*** Begin section ***
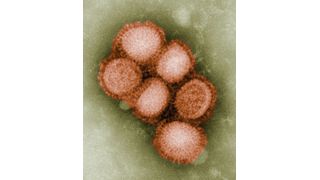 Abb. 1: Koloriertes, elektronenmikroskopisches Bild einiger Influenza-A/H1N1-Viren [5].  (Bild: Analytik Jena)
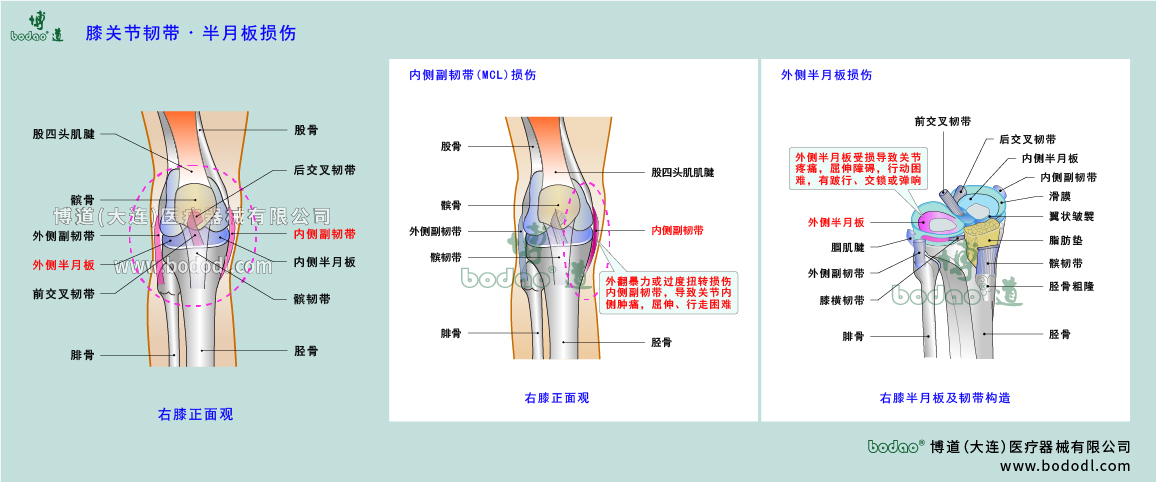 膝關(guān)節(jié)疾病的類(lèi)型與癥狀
*** End section ***
*** Begin section ***
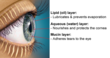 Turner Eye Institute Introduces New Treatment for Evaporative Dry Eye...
*** End section ***
• [Exercise brief]: Going by the data above, the answer is exactly the lines from the one holding "Abb. 1: Koloriertes, elektronenmikroskopisches" to the one holding "膝關(guān)節(jié)疾病的類(lèi)型與癥狀", both kept, with the pictures left out.

• [Finished task]:
 Abb. 1: Koloriertes, elektronenmikroskopisches Bild einiger Influenza-A/H1N1-Viren [5].  (Bild: Analytik Jena)
 膝關(guān)節(jié)疾病的類(lèi)型與癥狀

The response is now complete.